:: WORK INSTRUCTION ::
Transcribe exactly the entries from the "Cricket ball hitting stumps with bails above" line to the end, both included, minus pictures.
▬▬▬▬▬▬
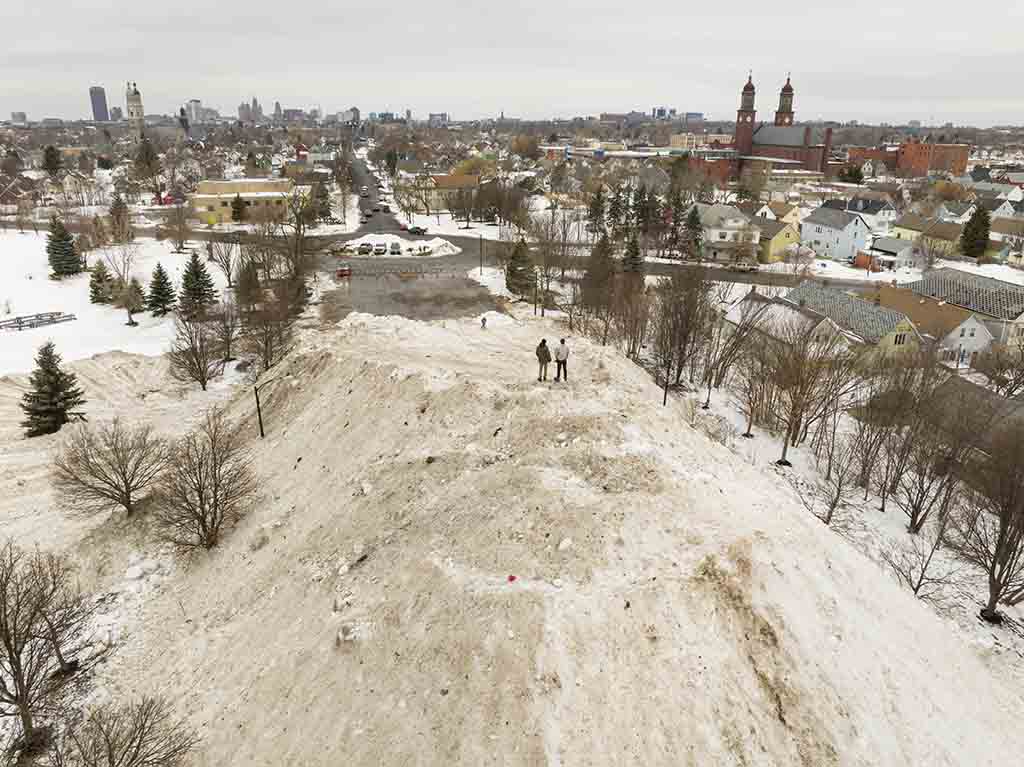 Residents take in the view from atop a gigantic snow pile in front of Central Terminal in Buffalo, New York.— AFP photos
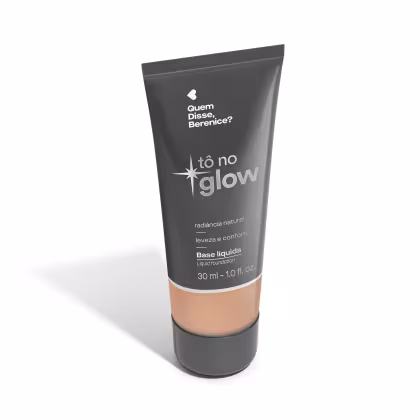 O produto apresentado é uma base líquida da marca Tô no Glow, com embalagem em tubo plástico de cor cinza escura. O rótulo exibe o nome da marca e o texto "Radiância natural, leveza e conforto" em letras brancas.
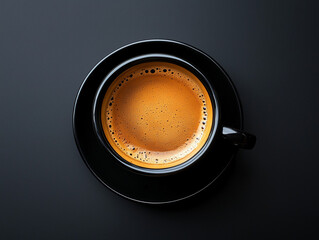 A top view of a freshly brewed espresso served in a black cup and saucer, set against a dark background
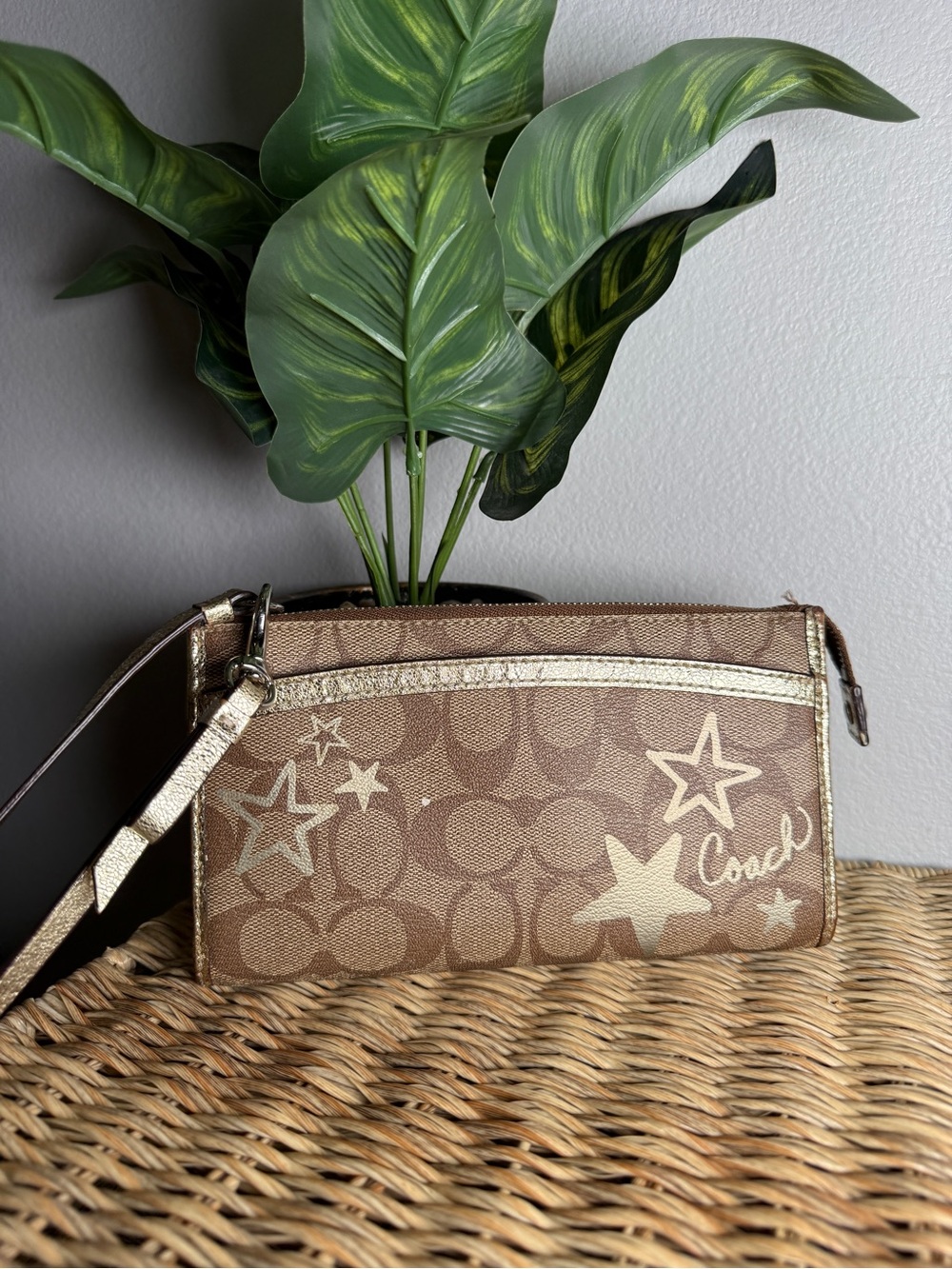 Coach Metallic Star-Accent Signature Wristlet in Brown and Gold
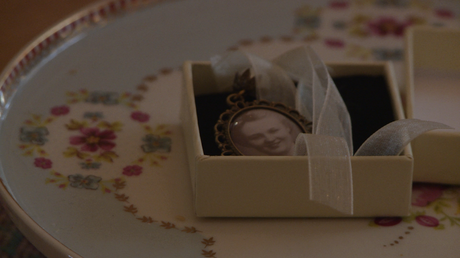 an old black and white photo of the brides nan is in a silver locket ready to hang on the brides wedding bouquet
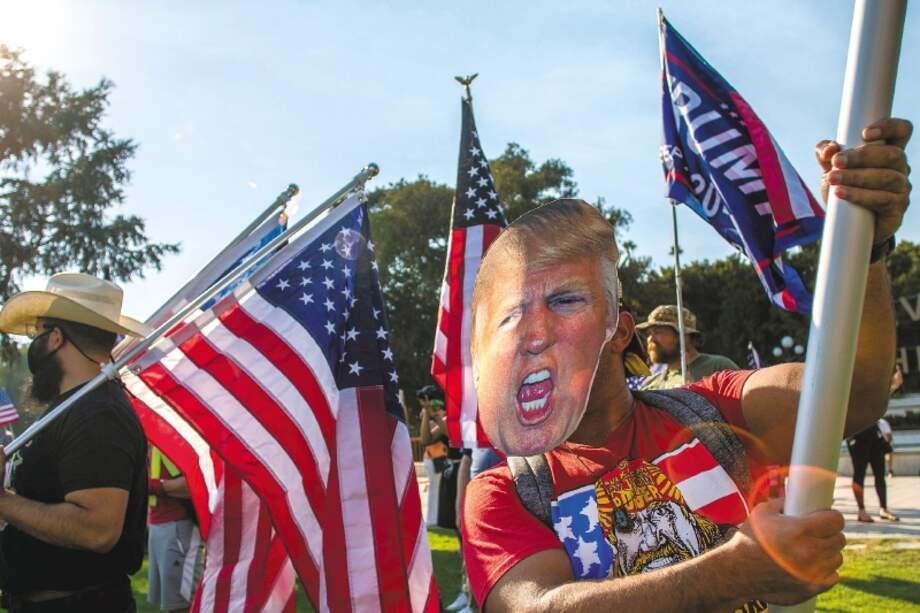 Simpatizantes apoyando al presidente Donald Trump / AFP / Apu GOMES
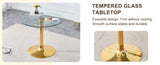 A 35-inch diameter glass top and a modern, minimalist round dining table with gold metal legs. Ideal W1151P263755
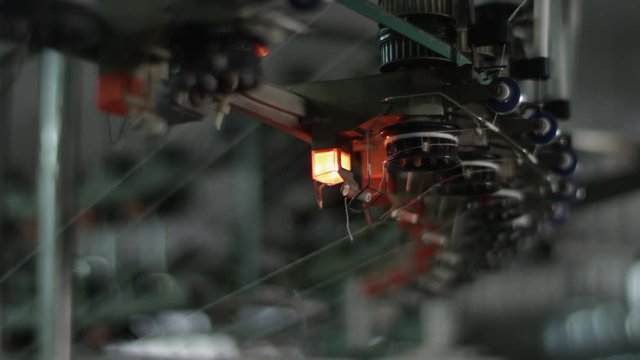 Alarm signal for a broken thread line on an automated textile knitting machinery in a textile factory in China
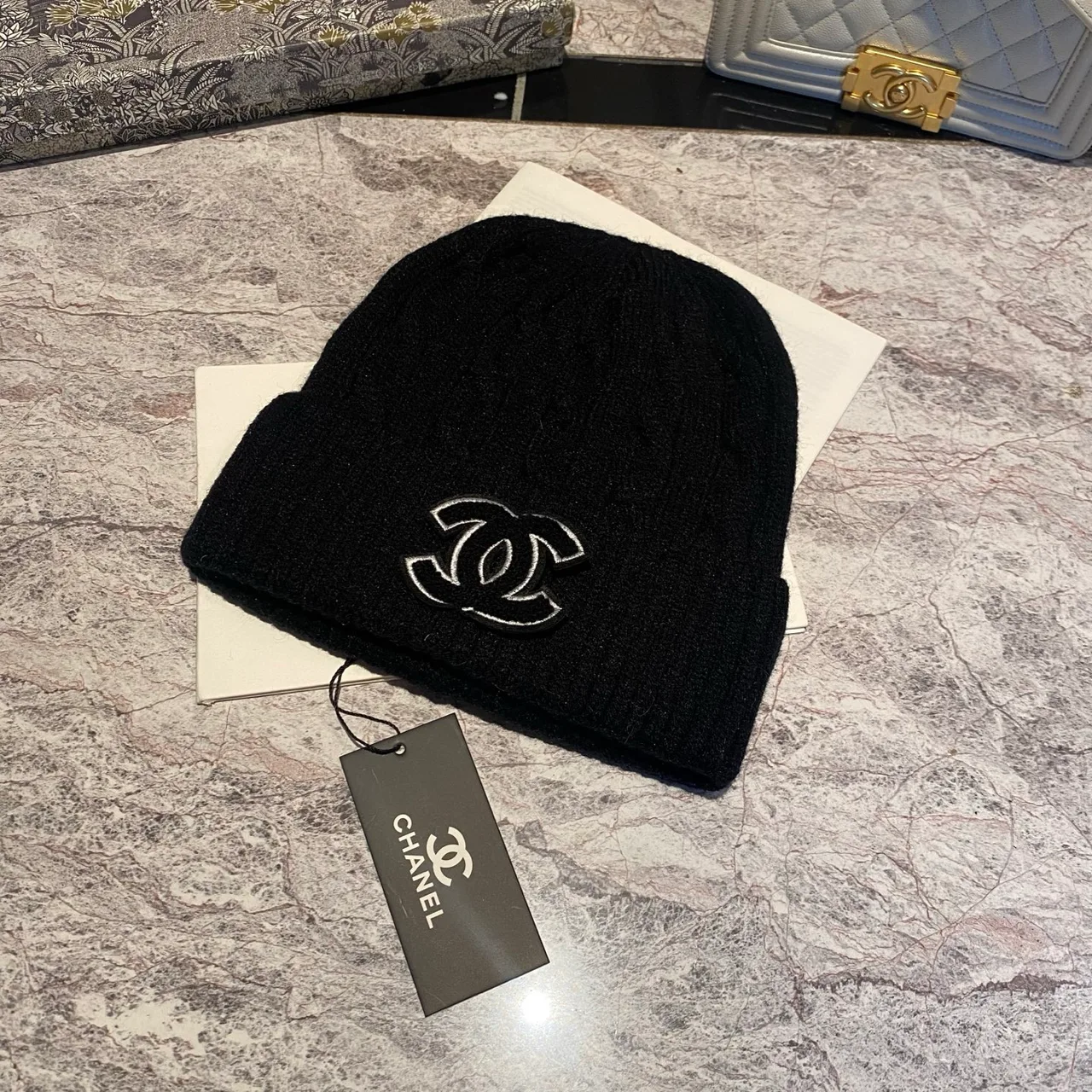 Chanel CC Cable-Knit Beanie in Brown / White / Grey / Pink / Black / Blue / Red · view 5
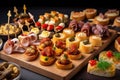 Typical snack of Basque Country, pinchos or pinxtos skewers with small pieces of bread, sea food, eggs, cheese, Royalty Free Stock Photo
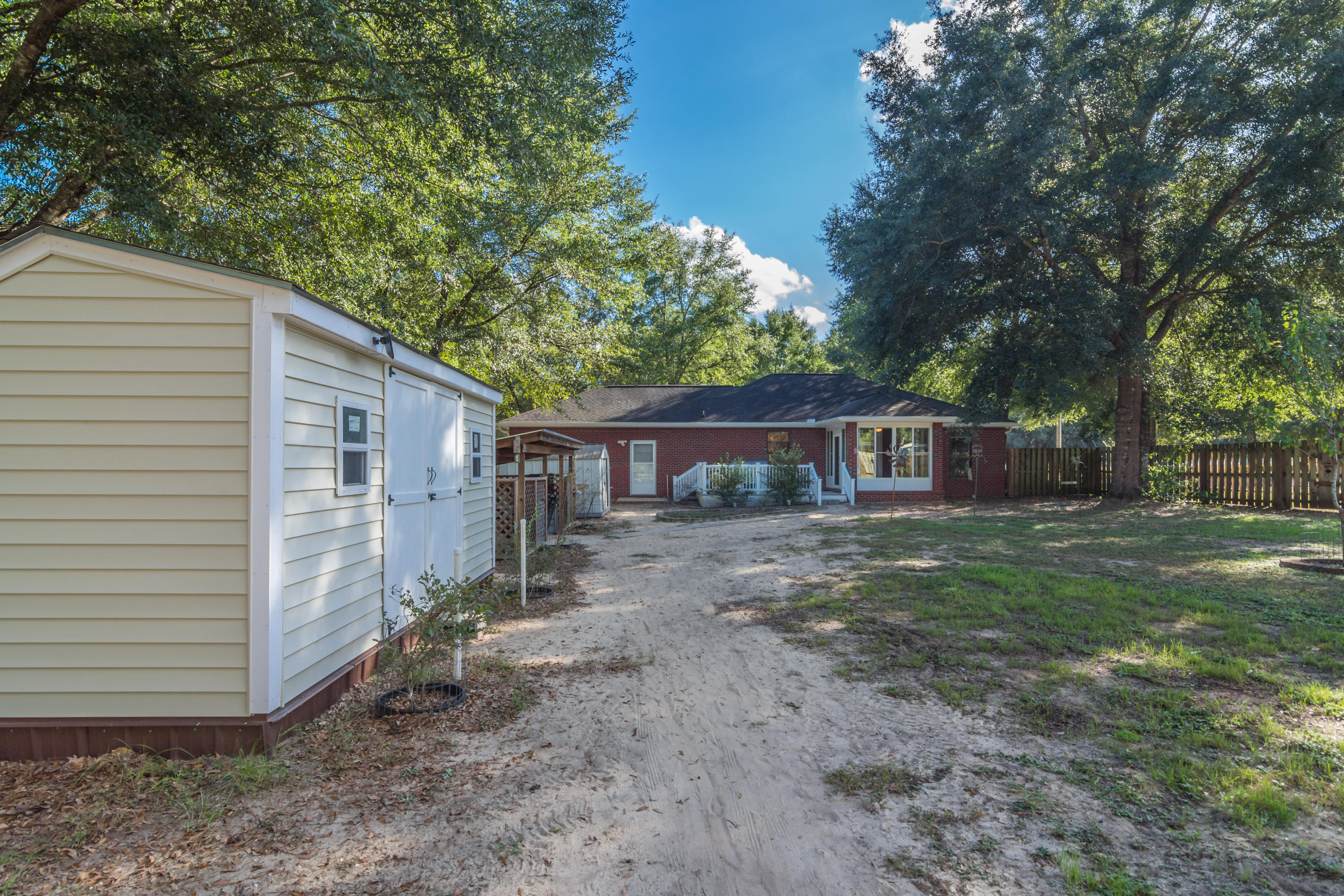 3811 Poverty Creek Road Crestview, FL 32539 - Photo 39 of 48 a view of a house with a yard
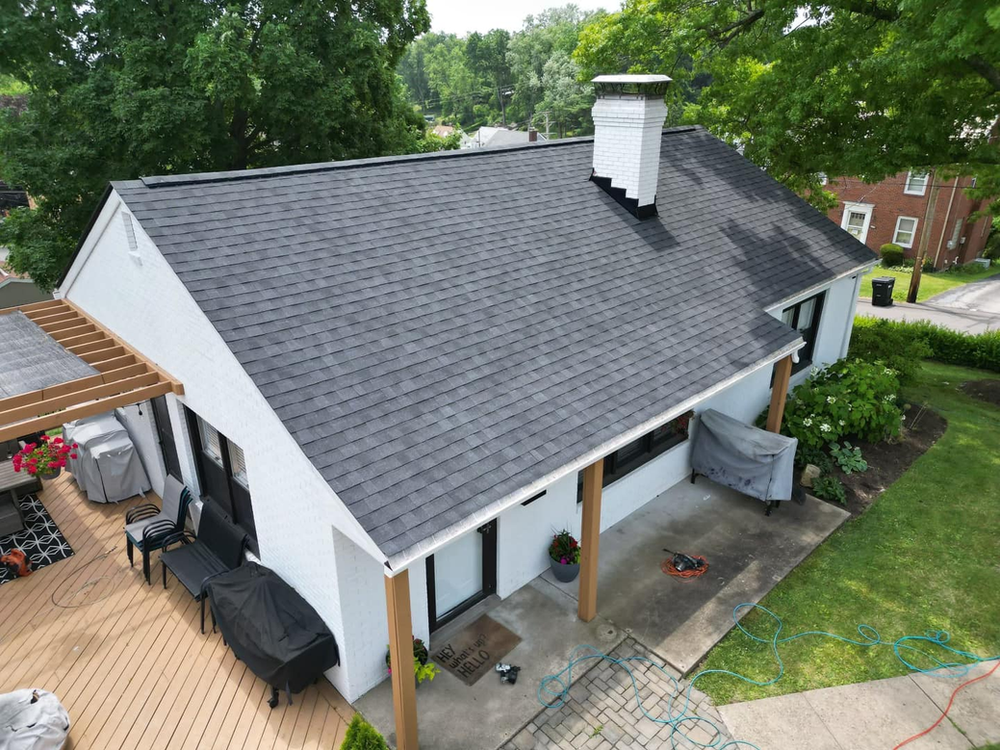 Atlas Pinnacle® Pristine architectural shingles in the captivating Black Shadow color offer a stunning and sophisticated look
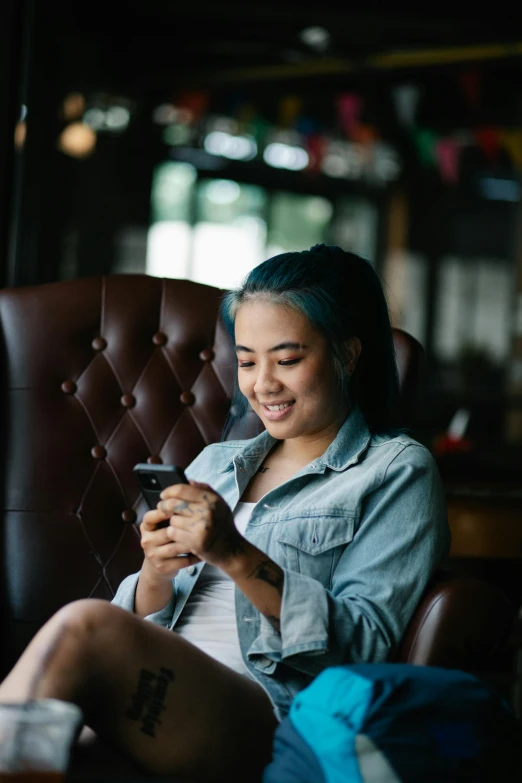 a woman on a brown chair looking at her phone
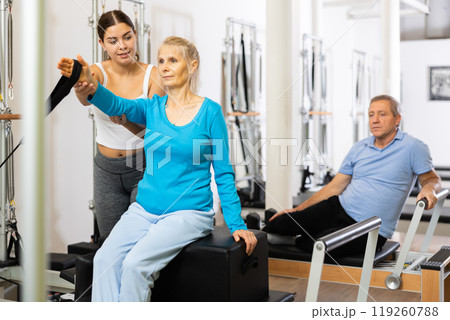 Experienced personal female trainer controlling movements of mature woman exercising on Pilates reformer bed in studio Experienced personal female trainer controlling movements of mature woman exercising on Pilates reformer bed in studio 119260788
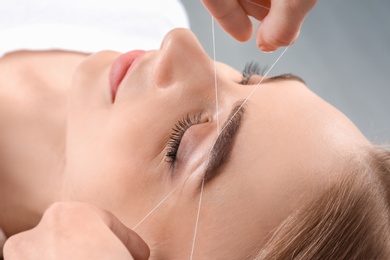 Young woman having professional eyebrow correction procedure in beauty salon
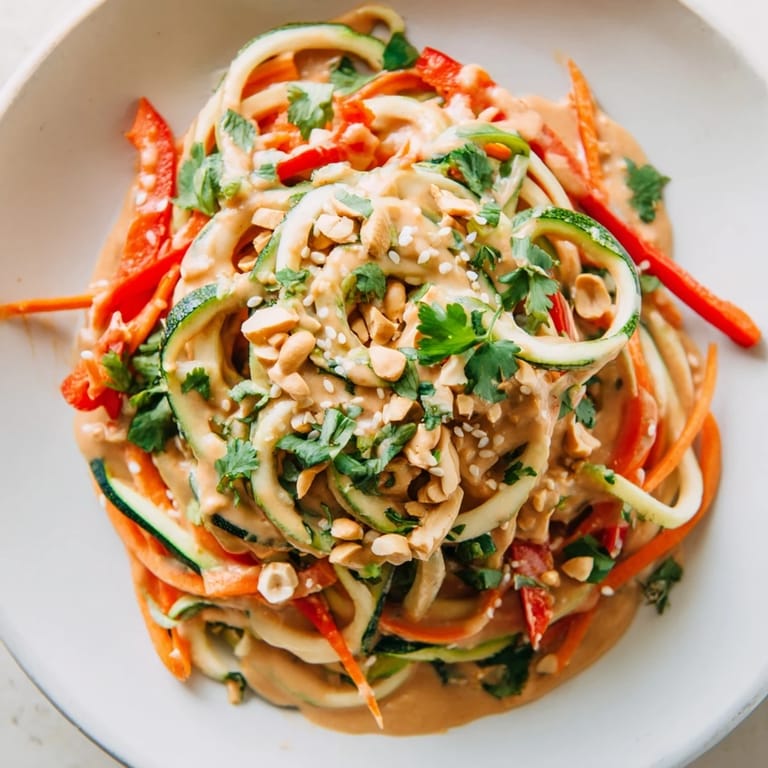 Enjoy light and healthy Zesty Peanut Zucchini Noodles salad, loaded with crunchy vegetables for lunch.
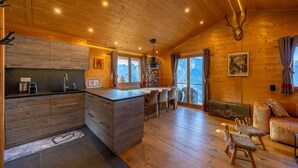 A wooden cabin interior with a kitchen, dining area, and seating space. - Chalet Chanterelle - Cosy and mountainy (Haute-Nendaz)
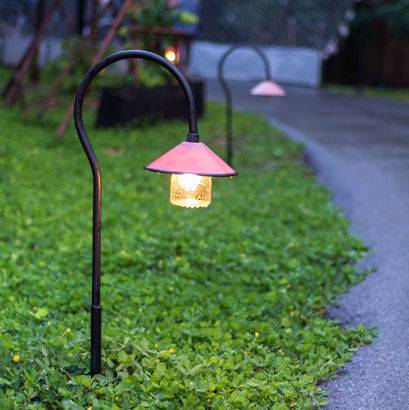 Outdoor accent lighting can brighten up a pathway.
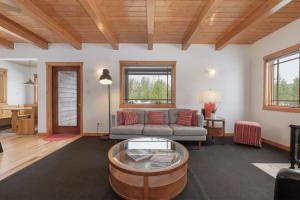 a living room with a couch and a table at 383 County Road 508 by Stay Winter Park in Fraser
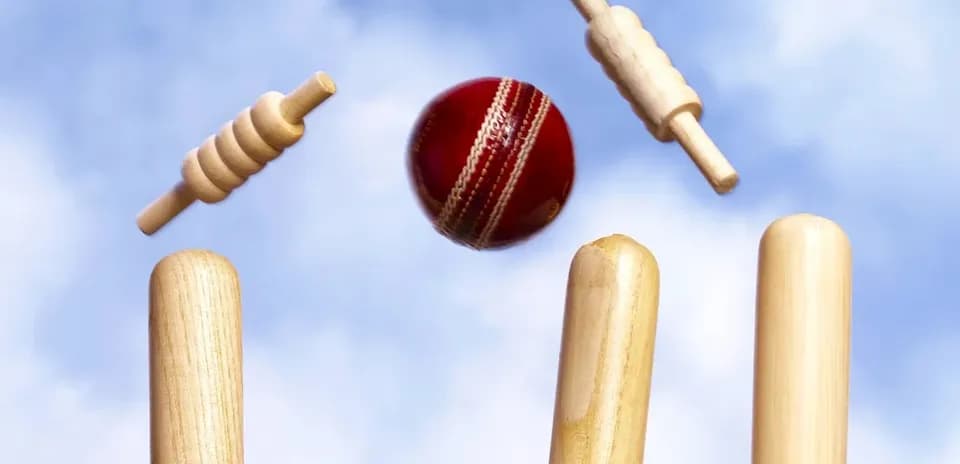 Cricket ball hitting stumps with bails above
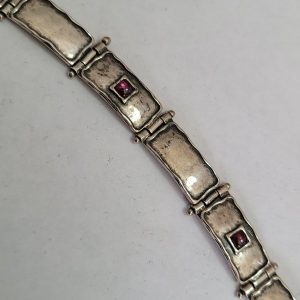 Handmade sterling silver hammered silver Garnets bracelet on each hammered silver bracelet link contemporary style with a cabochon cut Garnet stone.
▬▬▬▬▬▬
:: ANSWER SECTION ::
 Cricket ball hitting stumps with bails above
 Handmade sterling silver hammered silver Garnets bracelet on each hammered silver bracelet link contemporary style with a cabochon cut Garnet stone.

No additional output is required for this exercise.